Software configuration tips for Raspberry Pi clusters & parallel-ssh command

I missed that linux.conf.au 2021 took place on January 23-25 2021, and while browsing the schedule I noticed a talk entitled “Building Raspberry Pi Supercomputers” by Federico Lucifredi, Product Management Director for Ceph Storage at Red Hat.

In the talk, he mostly focuses on the software part, and besides some basic steps, I learned about some new commands that be useful to people managing clusters of Raspberry Pi or other Linux boards or hosts.

Configuring a cluster

He used Picocluster image in his example, but for people wanting to use 64-bit OS, he recommends Ubuntu or Fedora images until Raspberry Pi OS 64-bit becomes stable.

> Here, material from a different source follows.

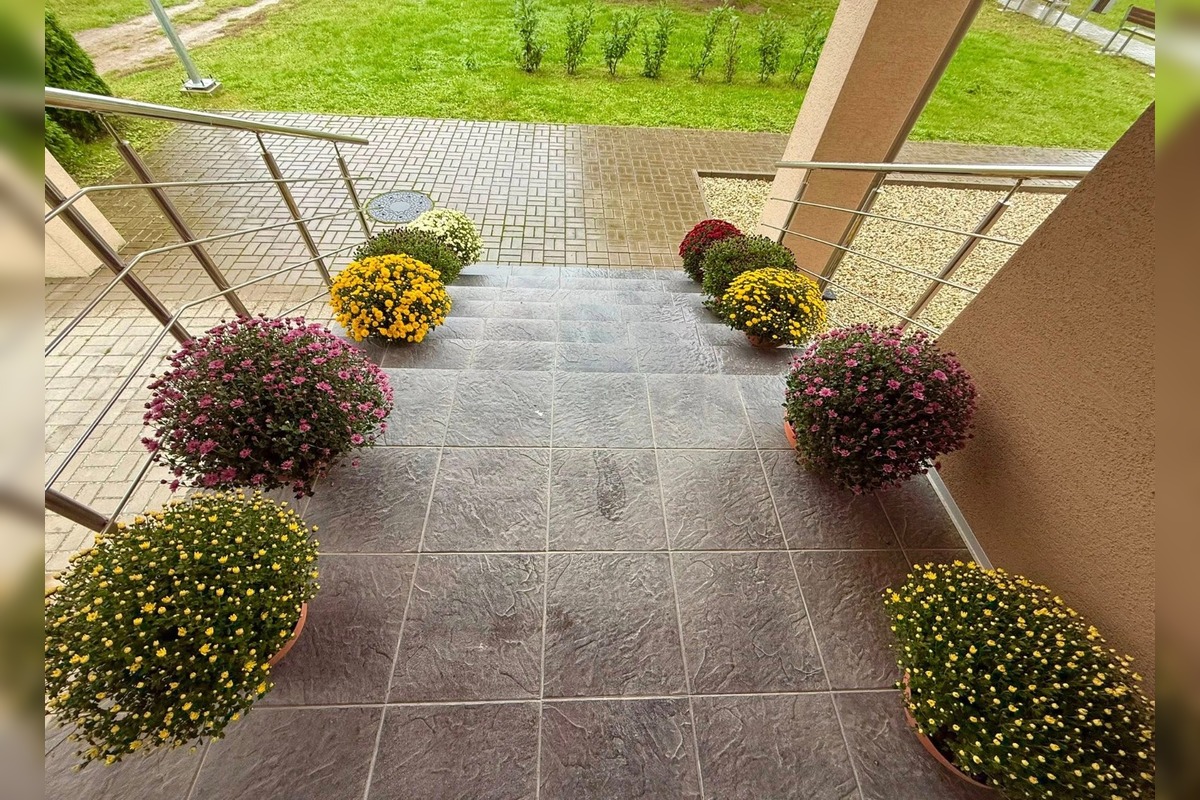 FOTO: Obecný úrad v Zalužiciach zdobia chryzantémy, ktoré darovala rodina, foto 2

The first part of the configuration is making sure all the main user is the same on all board, disable SSH for root, and configure run levels (X not needed on clusters). Networking is configured with fixed IP addresses for Ethernet, and DHCP for WiFi.

He also configured ssh without password (i.e. public/private keys), but using ssh-copy-id command to enable the keys on all boards, as well as NTP with timedatectl command, and an NFS share on the master node to share data.

Some of the useful commands from the Picocluster image include:

restartAllNodes.sh used to restart all of the nodes in the cluster.
stopAllNodes.sh used to stop or shut down all of the nodes in the cluster.
genKeys.sh used to generate an SSH key and distribute it to all nodes.
testAllNodes.sh runs df -h on each node to indicate that each node is up and running.

Parallell-ssh command

But the command that interested me the most from the talk was parallel-ssh which can be installed on the master node as follows:

sudo apt install pssh

1	sudo apt install pssh

The manpage describes pssh as “a program for executing ssh in parallel on a number of hosts. It provides features such as sending input to all of the processes, passing a password to ssh, saving output to files, and timing out”.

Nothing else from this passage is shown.